- Requirement
The material below is to be copied exactly from the line with "We are testing" up to and including the line with "And you want", with nothing else kept and no pictures.

- Dataset
---*---

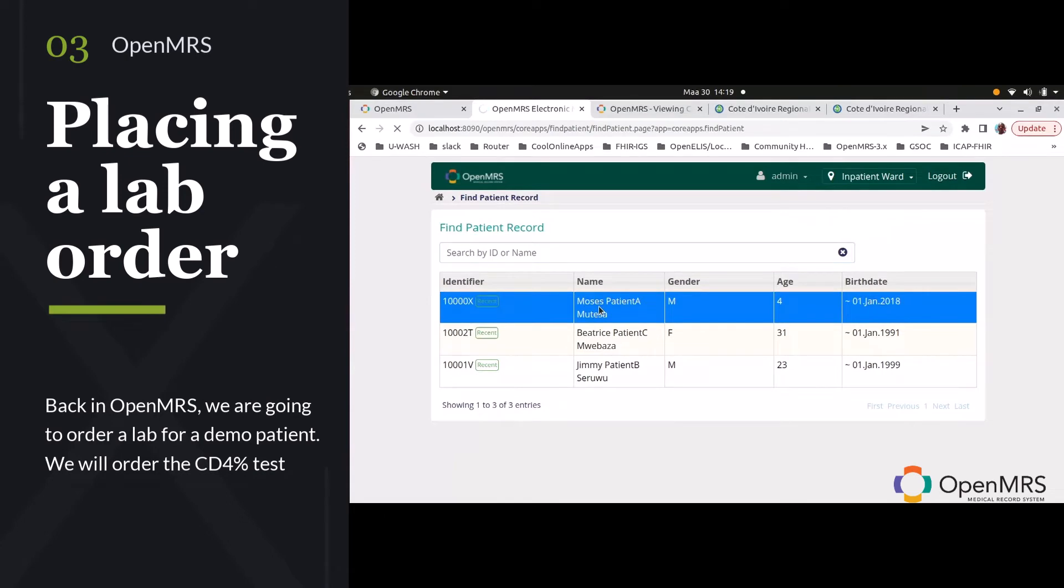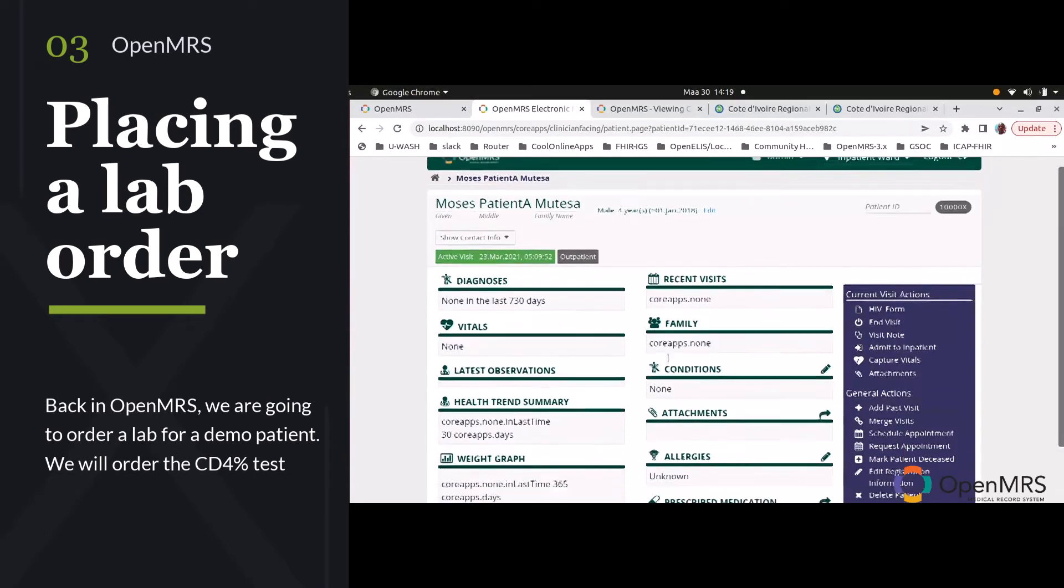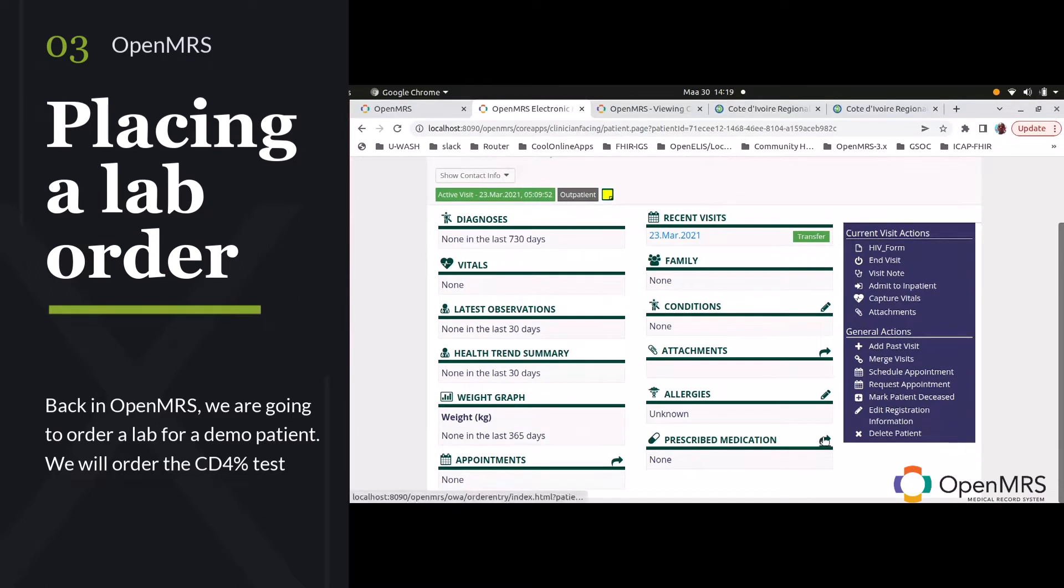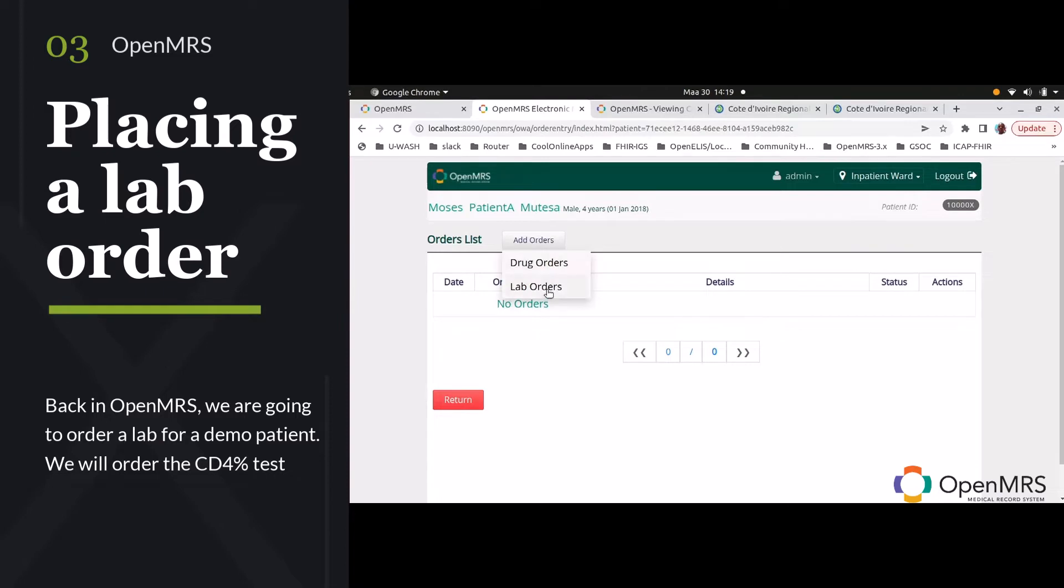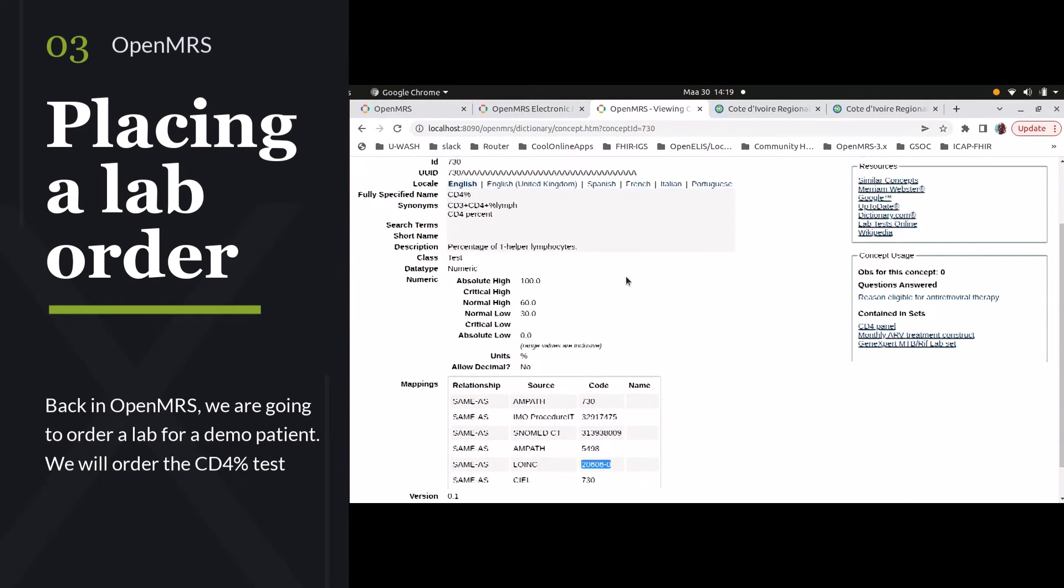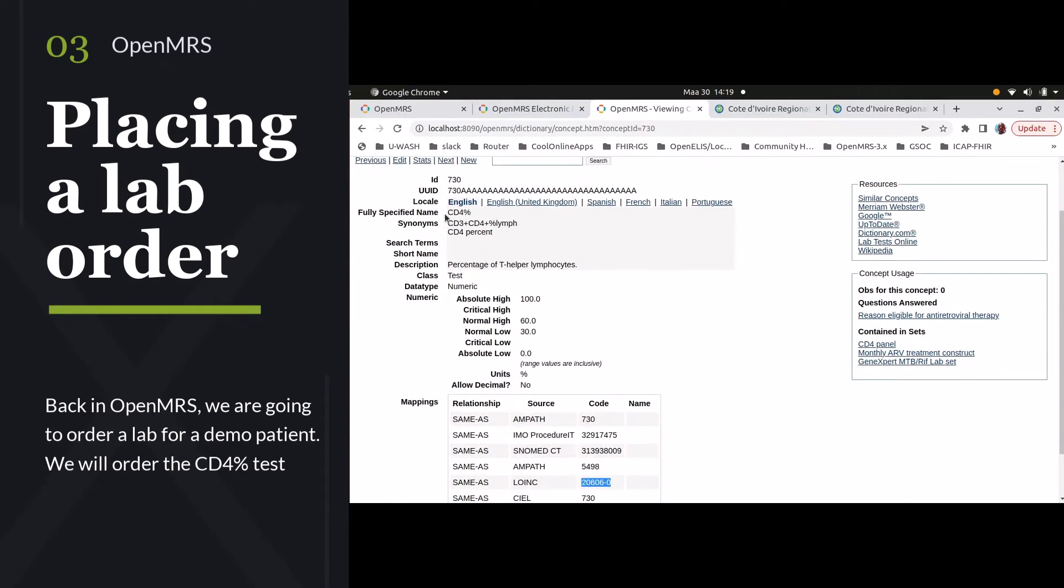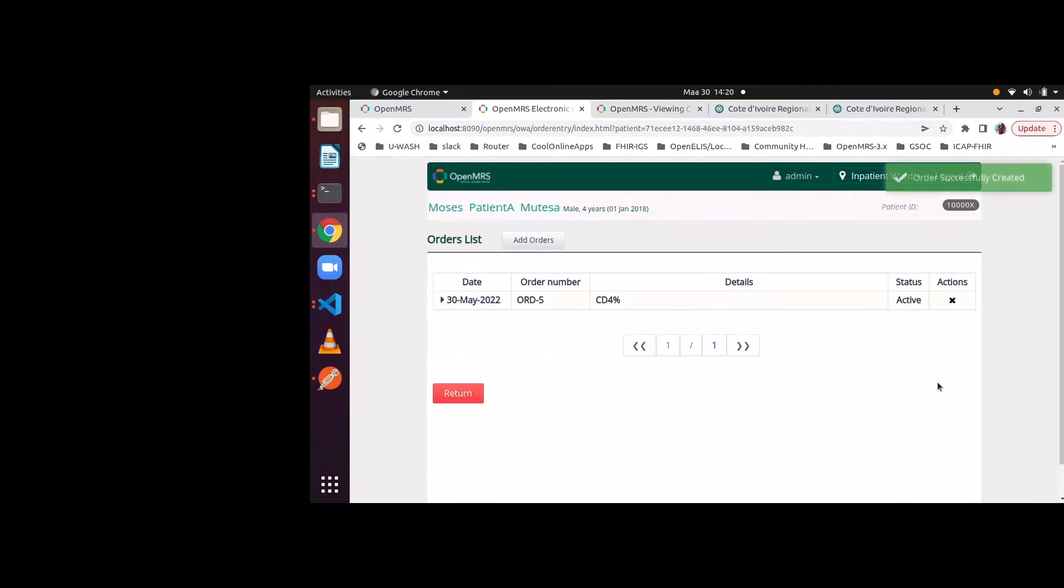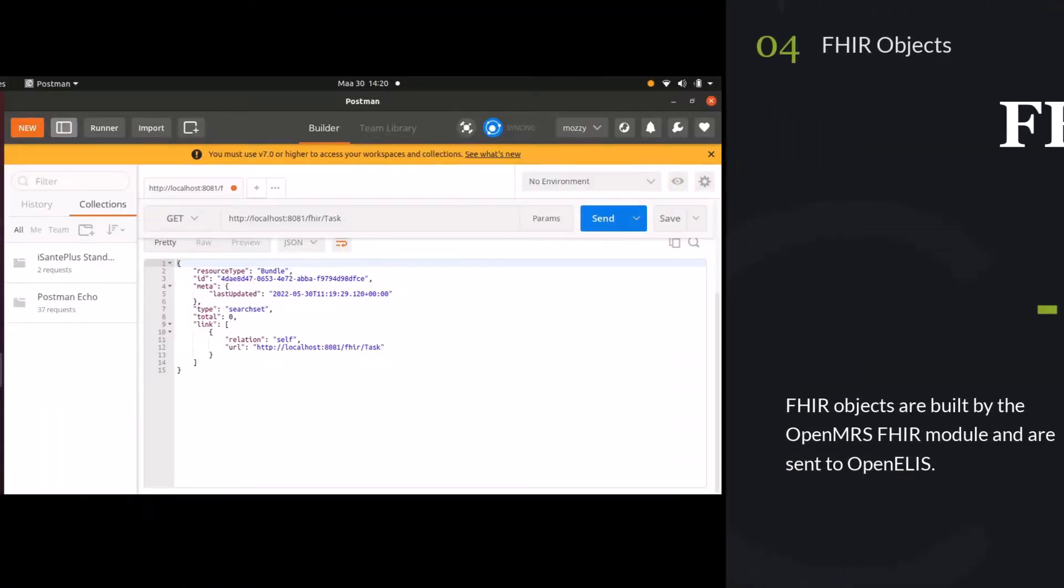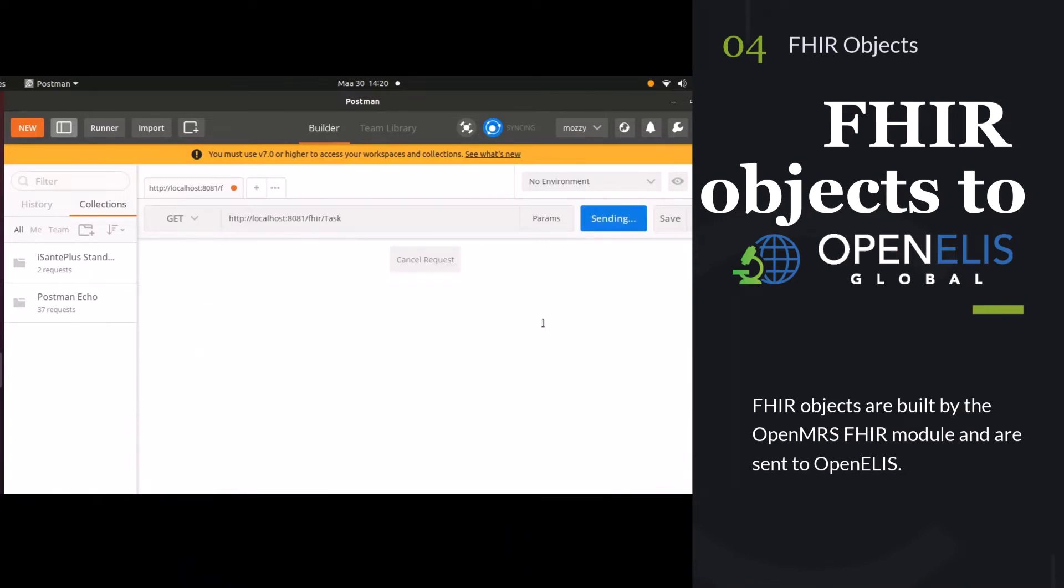Next, we are going to place a lab order for a test patient in OpenMRS. So we have opened up our patient record. We're going to select that CD4 count as we showed before, and here you can see the concept for that. We're going to order this CD4% test, and next we are going to see what OpenMRS sends to OpenELIS.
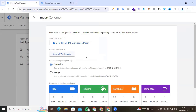We are testing our downloaded JSON file with our imported container. Here you choose the workspace — that is the default workspace. If your container has multiple workspaces, you have to select those workspaces according to your need. Then you find the import option with two choices: one is Overwrite and the second one is Merge.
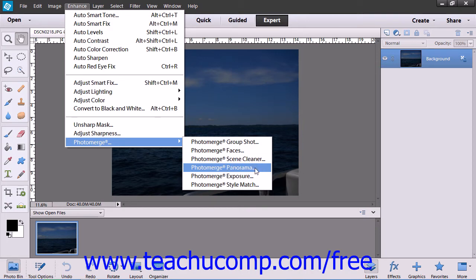Photo Merge Panorama is used when you have multiple photos of a very large area or object that you want to attempt to merge into a single image, such as a stadium or a large field, for example.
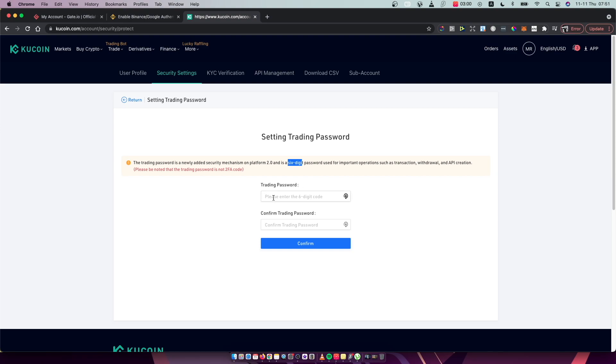And just put your new trading password here and here, and you will set up your trading password on KuCoin.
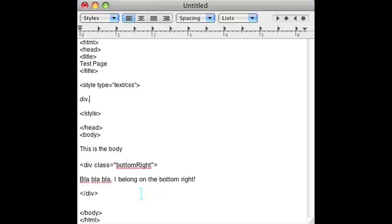And you want to edit the class bottom right. So open up your bottom right class flag.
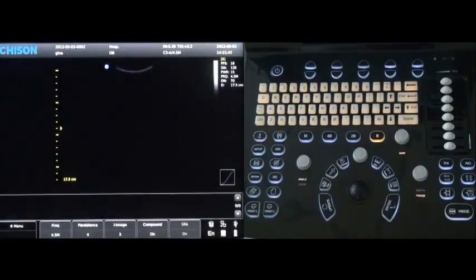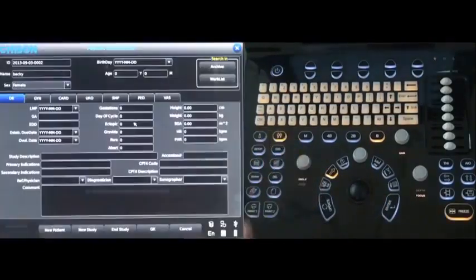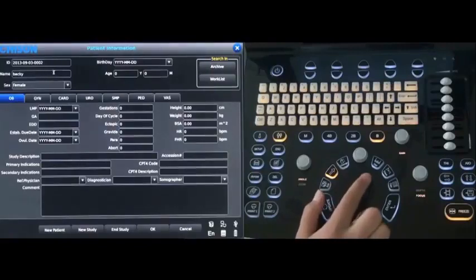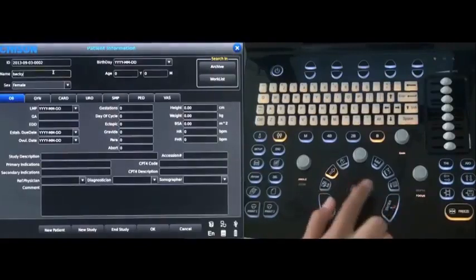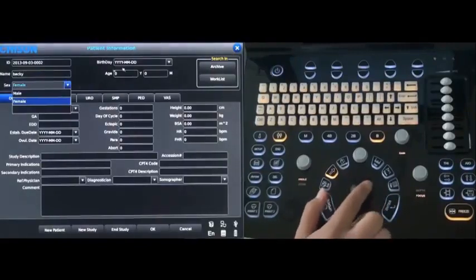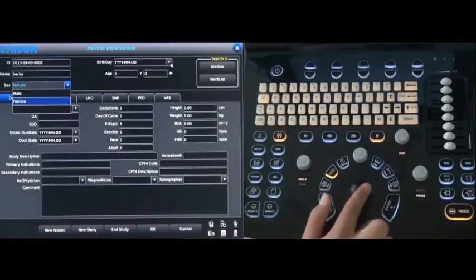Create the new patient information. Press the patient key. Enter the patient name, sex, and also the birthday. Then press OK.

---*---

- Your response
We are testing our downloaded JSON file with our imported container. Here you choose the workspace — that is the default workspace. If your container has multiple workspaces, you have to select those workspaces according to your need. Then you find the import option with two choices: one is Overwrite and the second one is Merge.
Photo Merge Panorama is used when you have multiple photos of a very large area or object that you want to attempt to merge into a single image, such as a stadium or a large field, for example.
And just put your new trading password here and here, and you will set up your trading password on KuCoin.
And you want to edit the class bottom right. So open up your bottom right class flag.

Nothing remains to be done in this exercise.